HONG KONG -- China's largest offline hypermarket chain Sun Art Retail Group is going full speed on digital retailing, with plans to transform more than 400 outlets within this year to become a member of Alibaba Group Holding's ecosystem.
The nationwide store revamp plan came after the e-commerce conglomerate acquired a 36.16% stake in the chain from Taiwanese shareholder Ruentex Group for about $2.86 billion last November, effectively making Alibaba's control equal to Sun Art's French owner, Auchan Retail.
Under the "digital transformation" initiative, all Sun Art's brick-and-mortar stores, under the RT-Mart brand, will be equipped with point-of-sale machines and automation facilities developed by Alibaba, as well as big data systems that track and analyze customer behavior, according to Peter Huang Ming-Tuan, chairman of RT-Mart China.
Huang said the adoption of Alibaba's technologies would cost about 5 million yuan ($790,000) for each store, but business would not be affected as it would not be necessary to close shops during the renovations.

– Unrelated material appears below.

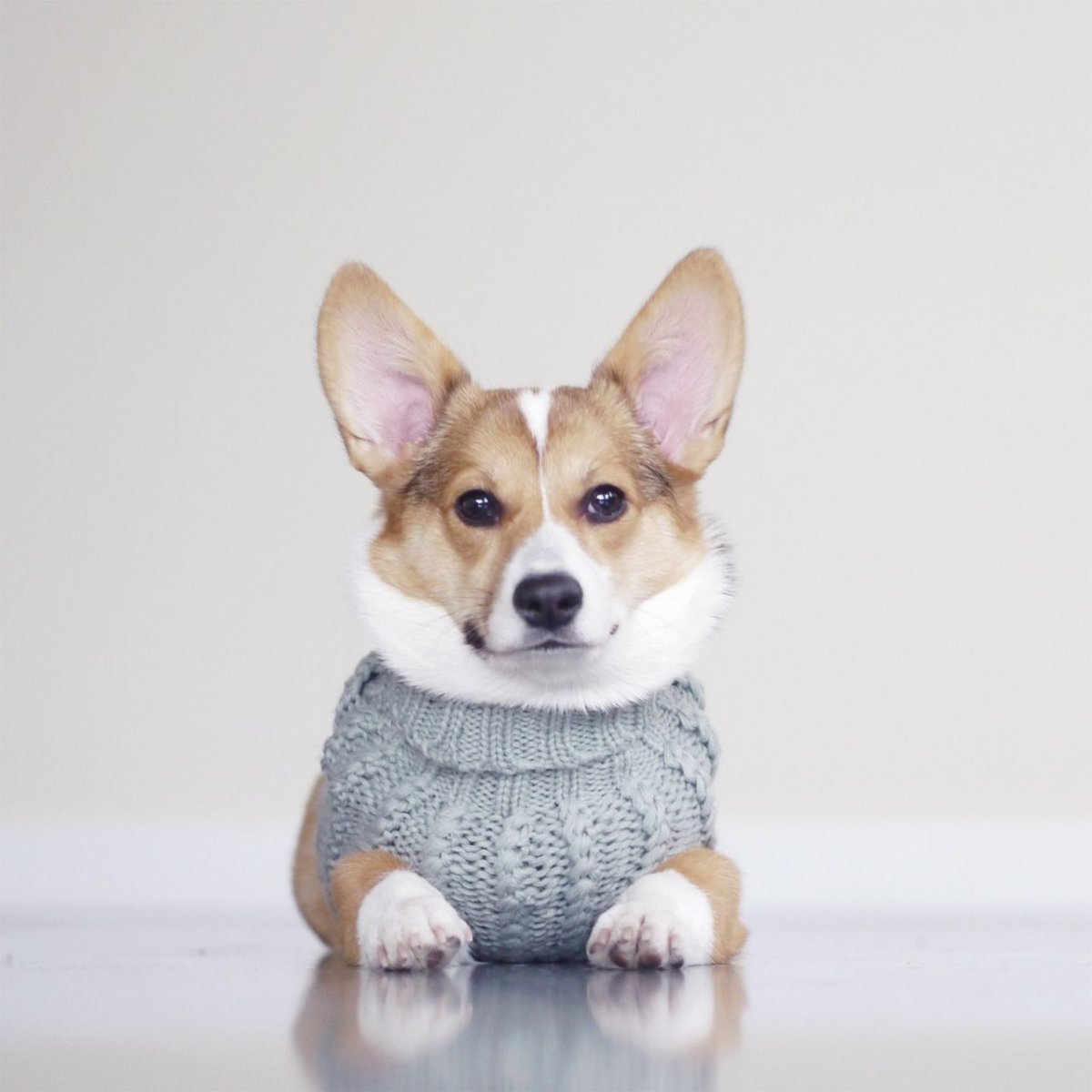 Вязаный корги пемброк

With the help of Alibaba's digital and customer resources, Huang expects the share of online sales to increase from less than 3% of the group's total at present to between 10% and 20% in the next few years.
The wider adoption of products offered by Alibaba, however, means the largest player in China's hypermarket industry -- which, as of the end of December, owned 461 complexes in more than 200 Chinese cities -- will significantly reduce collaborations with the e-commerce conglomerate's key rivals, especially Tencent Holdings.
Huang admitted that it was not clear whether WeChat Pay, the digital wallet developed by Tencent, would be available after the Alibaba-style makeover.
"Now we are part of Alibaba's ecosystem, we will have more and more cooperation with Alibaba, and less and less with others," said Ludovic Holinier, CEO at Sun Art Retail, adding that the group would gradually reduce the use of other companies' services and products.
Like Sun Art Retail, many traditional merchants have teamed up with internet companies to retain Chinese customers who are increasingly accustomed to the digital world. And the dominance of big players like Alibaba and JD.com have made it difficult for retail chains to start their own digital services.
The online-offline alliances come at a time when Tencent and Alibaba are locked in a fierce competition to gain the bigger share of China's lucrative online payments market, with transactions reaching $5.5 trillion in 2016, according to iResearch. The pair are also trying to recruit traditional retailers with a large number of brick-and-mortar stores as a way to expand their last-mile delivery capacities, and those in the fresh food sectors -- which have been the most difficult segment to convert to e-commerce.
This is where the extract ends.